> [Required work] The material below has pictures in it. Set down only the lines from the line containing "Defocused home\" through the line containing "Barista tamping milled", word for word, and leave the pictures behind.
• • • •
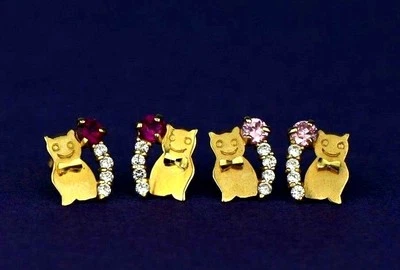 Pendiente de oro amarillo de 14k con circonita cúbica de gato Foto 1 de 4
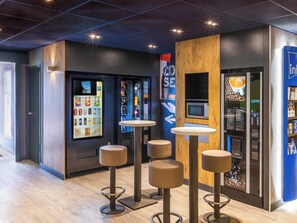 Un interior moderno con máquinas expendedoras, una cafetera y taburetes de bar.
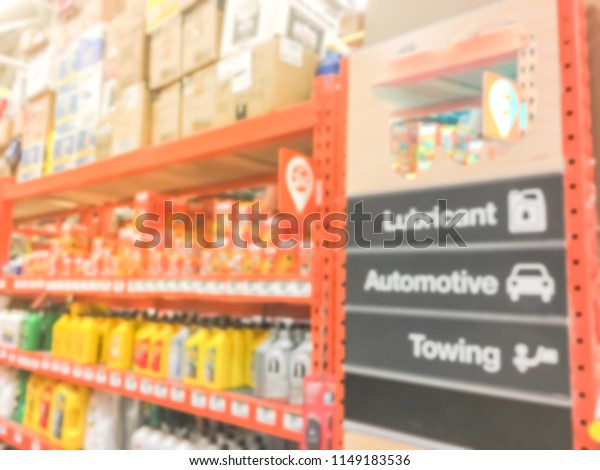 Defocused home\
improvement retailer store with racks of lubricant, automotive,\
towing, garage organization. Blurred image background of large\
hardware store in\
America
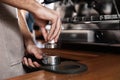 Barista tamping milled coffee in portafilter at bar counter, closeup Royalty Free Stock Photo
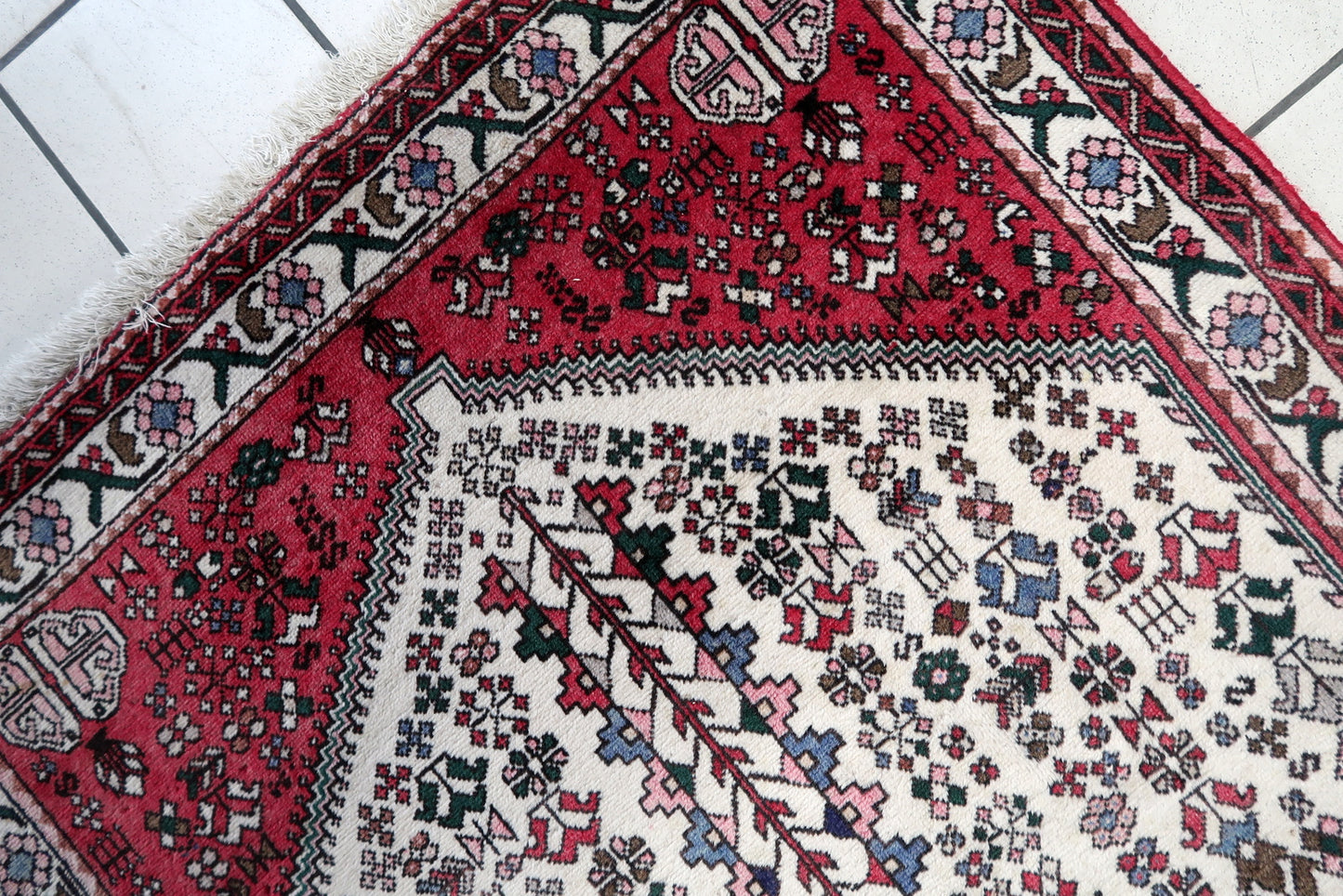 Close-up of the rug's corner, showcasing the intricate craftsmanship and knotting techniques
• • • •
> [Exercise result]
 Defocused home\
improvement retailer store with racks of lubricant, automotive,\
towing, garage organization. Blurred image background of large\
hardware store in\
America
 Barista tamping milled coffee in portafilter at bar counter, closeup Royalty Free Stock Photo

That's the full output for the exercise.